In the copy, keep every record exact and leave out all images.
● ● ● ● ● ● ●
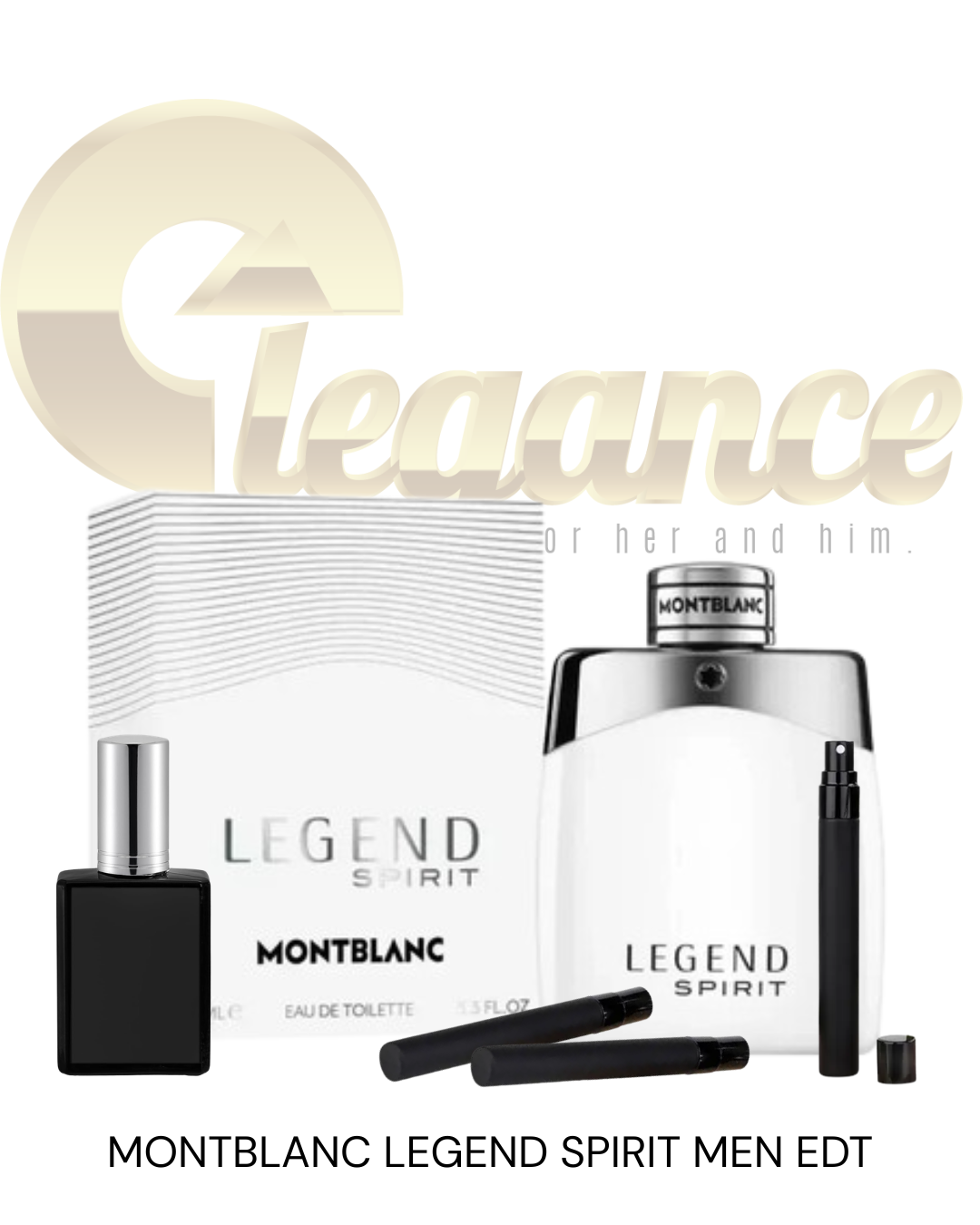 Decants Montblanc Legend Spirit (H) EDT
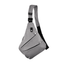 Business Style Waterproof Shoulder Crossbody Bag for Men Crossbody Bags Trends Bags Store Gray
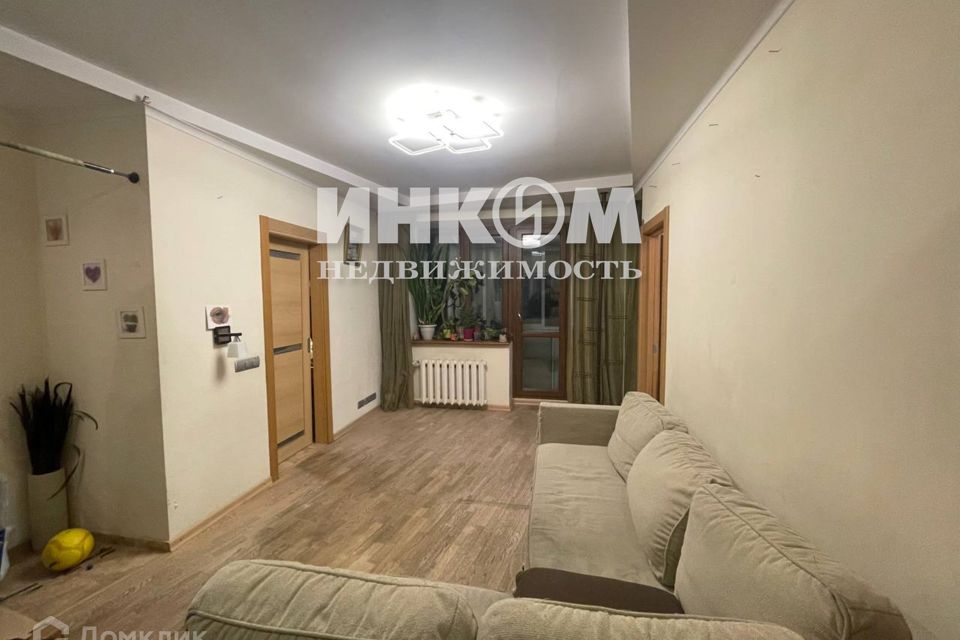 Продаётся 2-комнатная квартира, 44 м²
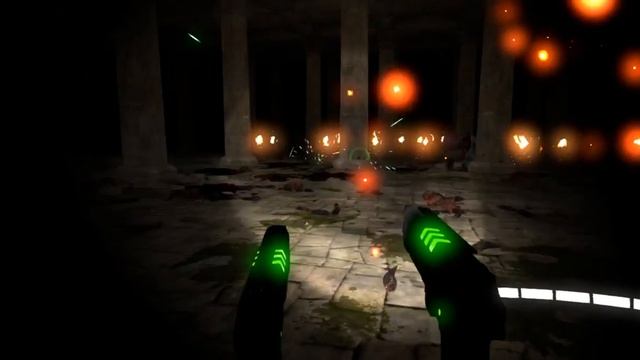 VRoom43 игра Serious Sam VR The Last Hope 4 HARD смотреть онлайн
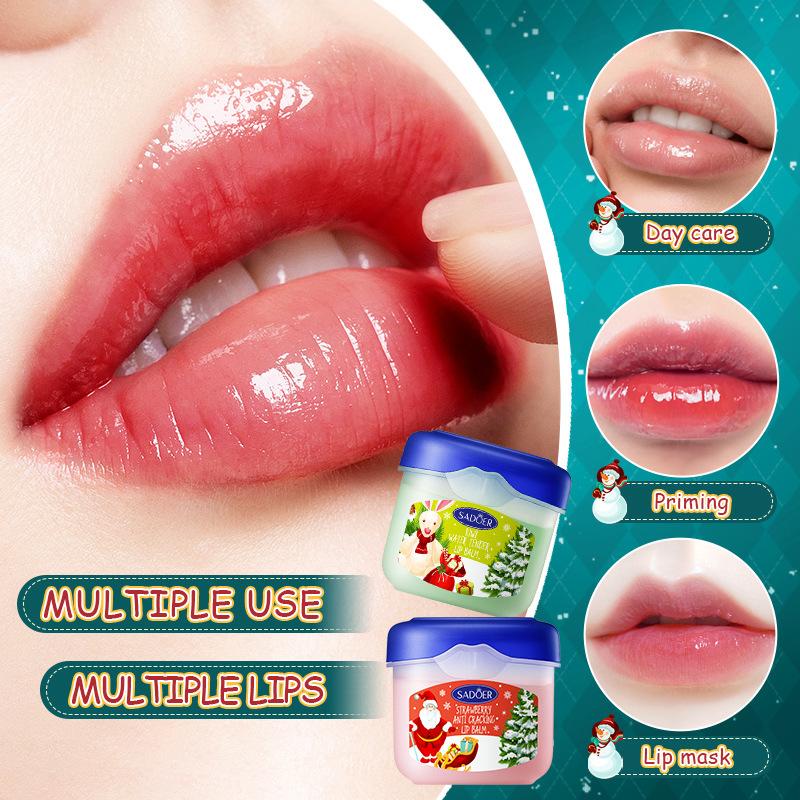 3/4/5/6/10Pcs/set Xmas Lip Bal - Skincare Xmas Sets recension och pris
● ● ● ● ● ● ●
PROBLEM SOLUTION
 Decants Montblanc Legend Spirit (H) EDT
 Business Style Waterproof Shoulder Crossbody Bag for Men Crossbody Bags Trends Bags Store Gray
 Продаётся 2-комнатная квартира, 44 м²
 VRoom43 игра Serious Sam VR The Last Hope 4 HARD смотреть онлайн
 3/4/5/6/10Pcs/set Xmas Lip Bal - Skincare Xmas Sets recension och pris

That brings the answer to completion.